株式会社サーベイリサーチセンターが2014年に行った『職場における「ほめる効果」に関するアンケート(SRC自主調査004)』によると、表彰制度等のほめるしくみがある企業(公務員含む)4割のうち7割以上の社員が「やる気の向上に効果がある」と回答しています。年代別の結果を見てみると(図1)、特に20代では16.4%の方が「大いに効果があると思う」と答えており、人材育成ツールとしても表彰制度の大きな可能性が示されています。また、同調査では、ほめられている人のほうが、挑戦意欲、仕事への満足、仕事への楽しみ、自信、誇りを高く持ち、自分に対しても肯定的だという結果も出ています。

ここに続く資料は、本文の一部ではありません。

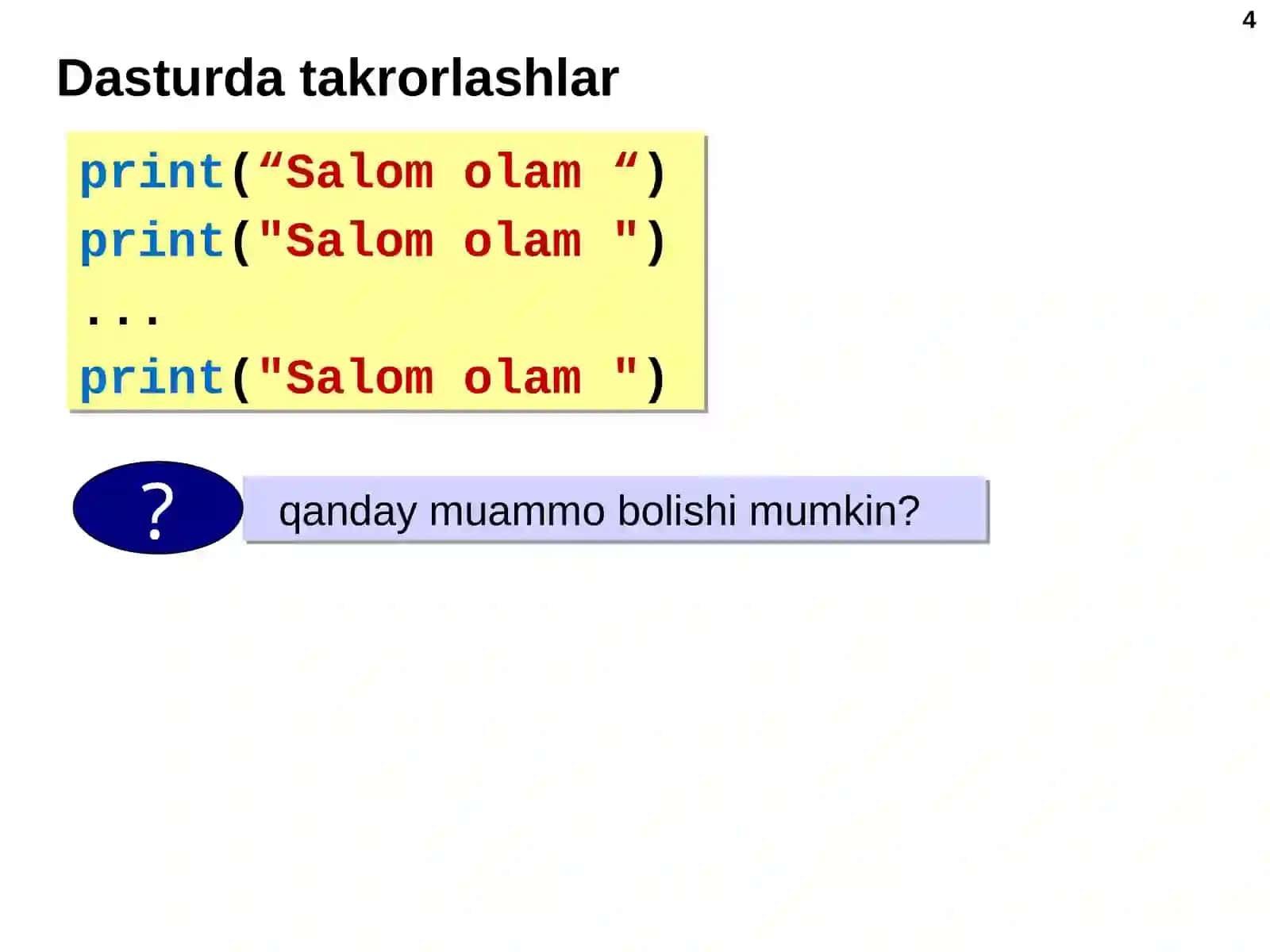 Siklik algoritmlar 4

図1 表彰制度などによる従業員のやる気向上への効果〈年代別の結果〉
仕事への意欲を高める、やりがいを感じるなどは、個人任せではばらつきが出てきてしまうもので、潜在的な力がありながらも発揮できないといったケースもあります。やはり、会社として意識的に行っていくことが必要なのです。表彰制度を取り入れている企業が4割ほどですから、まだ多くの企業に改善の余地があるということですね。
企業成長につながるトロフィーの活用法
表彰制度で会社や仕事に対する意識を高めていく方法としては、ポピュラーなものに「社長賞」「MVP:Most Valuable Player」などの個人やチーム、部署の業績アップや功績を称える表彰があります。ほかにも、「努力賞」「奨励賞」など目立たないが組織の縁の下の力持ち的な働きを認める表彰、「グッドジョブ賞」などでちょっとした事例を取り上げて職場の雰囲気や人間関係をよくする表彰など、さまざまです。表彰制度を成功させるための秘訣は、特定の職種や部署に偏らないよう、あらゆる人が対象になるように配慮することです。トロフィーを活用した承認欲求の充足は、企業成長のカギを握っているともいえるのです。